Hoofdstuk 2 Beschrijving van het plan

De Wet ruimtelijke ordening bepaalt in artikel 3.1 dat via een bestemmingsplan goede ruimtelijke ordening moet worden bedreven. Wat daar onder wordt verstaan staat niet in de wet. Dat wordt bepaald op basis van een mengeling van allerlei andere wetten, regels, beleidsstukken, handvatten, algemeen geaccepteerde principes en mede op basis van uitspraken van rechters (jurisprudentie). Het effect van hetgeen via een bestemmingsplan wordt mogelijk gemaakt hangt direct samen met de reden waarom het bestemmingsplan gemaakt wordt. In dit hoofdstuk wordt ingegaan op het ruimtelijke effect van dit bestemmingsplan.

2.1 Het plan

Het stedenbouwkundig plan

Wonen

Centraal voor dit bestemmingsplan staat het stedenbouwkundige ontwerp voor Torenpad Oost. Ten opzichte van het oude plan dat ten grondslag lag aan het vigerende bestemmingsplan Torenpad Oost 2011 is het plan licht gewijzigd (vooral qua woningbouwprogramma. Dit i.v.m. de veranderde woningmarkt). Uitgangspunt voor het stedenbouwkundig plan is de bestaande landschapsstructuur van Boskoop en de inpassing binnen de bestaande stedenbouwkundige structuur. De bestaande noord-zuid lopende lijnen in het landschap komen weer terug in de ligging en positionering van de bebouwing. Verder vormen water en groen belangrijke elementen in het plan, wat zorgt voor een open en losse structuur.

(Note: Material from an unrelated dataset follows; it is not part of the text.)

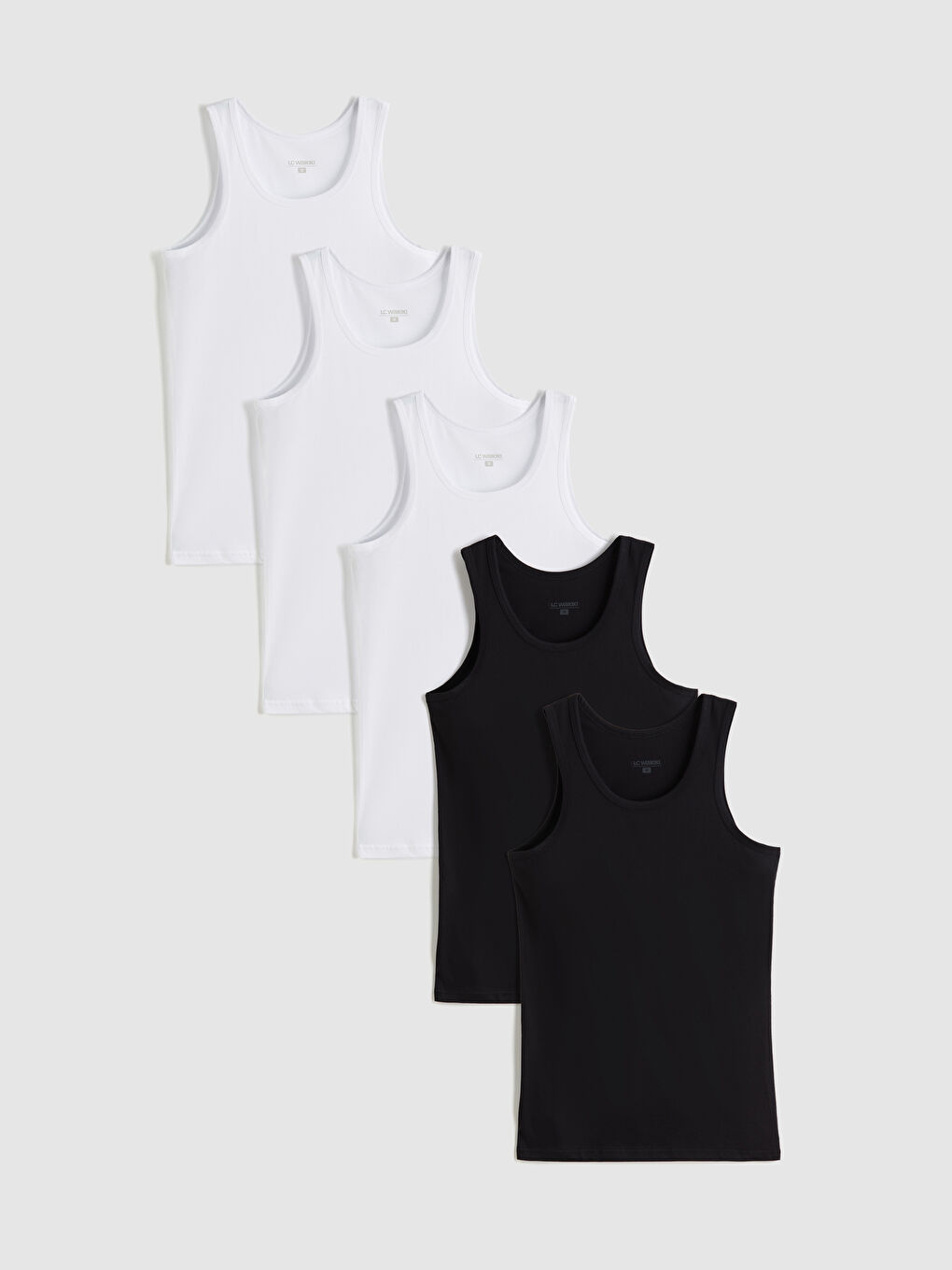 Beyaz U Yaka Penye Erkek Atlet 5'li-10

Bijgevoegd het stedenbouwkundig plan dat ten grondslag ligt aan dit bestemmingsplan.

afbeelding "i_NL.IMRO.0484.BPL13053HBD-VA01_0004.jpg"  
Model 5B stedenbouwkundig plan  

Het plan bestaat uit woningen in verschillende categorieën. Het beoogde aantal van 104 woningen is in de volgende categorieën in te delen:

  • 4 vrijstaande woningen;
  • 2 twee-onder-een-kap-woningen;
  • 52 rijwoningen;
  • 46 appartementen.

Deze woningaantallen worden verdeeld over de volgende prijscategorieën:

  • 6 dure woningen;
  • 66 middeldure woningen;
  • 32 betaalbare woningen.

Ontsluiting

De ontsluiting van dit plangebied is zo gekozen dat de naastgelegen woongebieden aan de Babsloot en de Enterij niet belast worden met autoverkeer. De gehele ontsluiting vindt plaats via het Torenpad. Voor het langzame verkeer is er wel een aansluiting aanwezig op de Babsloot. Deze aansluiting, die ter hoogte van de Babsloot 130 is gelegen, wordt ook geschikt gemaakt voor auto's en grotere wagens zoals brandweerauto's, verhuisauto's en het wagenpark van de onderhoudsdiensten. Deze ontsluiting mag alleen voor deze diensten worden gebruikt en wordt geen reguliere weg. Dit wordt via de inrichting van de weg ook afgedwongen.

Parkeren

Van groot belang voor een goed functionerende woonwijk als deze is voldoende parkeerruimte. Dat is in een omgeving als deze van extra belang omdat door de vele watergangen de uitwijkruimte naar een naastgelegen straat zeer beperkt is. In paragraaf 3.3 wordt uitgebreid ingegaan op de gehanteerde parkeernormen. Het plan voldoet aan de normen zoals die in het gemeentelijke structuurplan 2015 worden gehanteerd en aan de parkeerkencijfers van het CROW. De volgende parkeernormen zijn gebruikt:

  • 2,2 parkeerplaatsen per dure woning;
  • 1,8 parkeerplaatsen voor middeldure woningen;
  • 1,5 parkeerplaatsen voor goedkope woningen.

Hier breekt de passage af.